"Kebijakan untuk menaikkan tarif untuk beberapa barang mewah bisa diperluas sesuai definisi yang dikeluarkan oleh pemerintah kelak. Jika ingin menerapkan pajak untuk barang mewah, kenapa tidak melalui PPnBM," kata dia.
Poin kedua yang menjadi perhatian Huda adalah adanya dampak negatif dari kenaikan tarif PPN terhadap pertumbuhan konsumsi rumah tangga. Menurutnya, kenaikan tarif PPN berpotensi menimbulkan perlambatan pertumbuhan konsumsi rumah tangga.

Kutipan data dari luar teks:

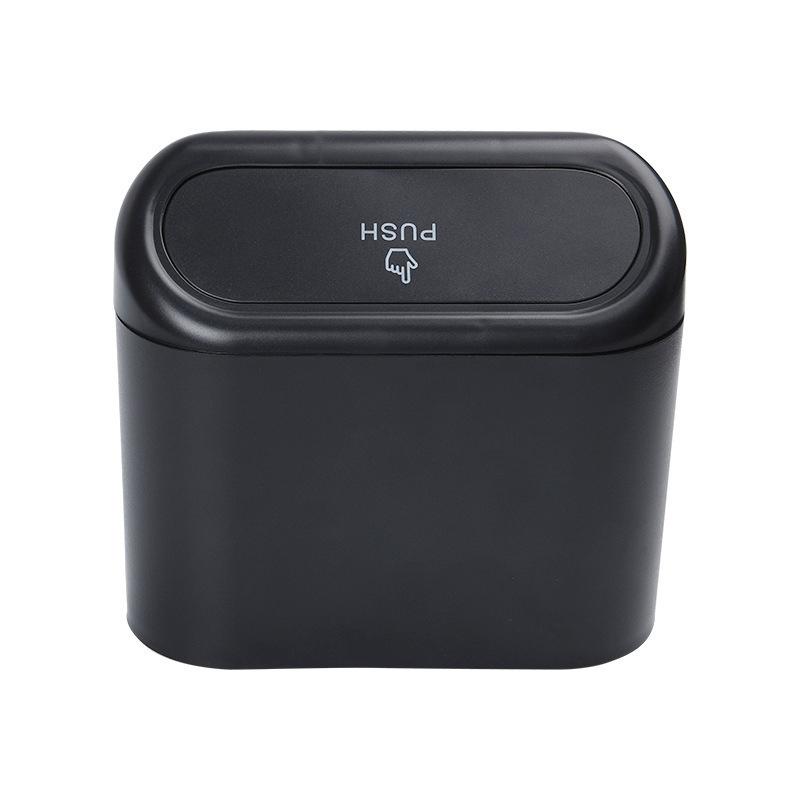 Other Interior Accessories Car Trash Bin Hanging Vehicle Garbage Dust Case Storage Box Black Abs Square Pressing Type Can Auto AccessoriesOt
Other Interior Accessories Car Trash Bin Hanging Vehicle Garbage Dust Case Storage Box Black Abs Square Pressing Type Can Auto AccessoriesOt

"Ketika tarif PPN di angka 10 persen, pertumbuhan konsumsi rumah tangga berada di angka 5 persen. Setelah tarif meningkat menjadi 11 persen terjadi perlambatan dari 4,9 persen (2022) menjadi 4,8 persen (2023). Diprediksi tahun 2024 semakin melambat," ujarnya
Di sisi lain, stimulus yang diberikan pemerintah disebut Huda juga sebenarnya hanya melanjutkan saja dengan yang sudah pernah diberikan. Beberapa menghasilkan dampak kepada perekonomian, namun tidak mempunyai efek berganda (multiplier effect) kepada penyerapan tenaga kerja formal.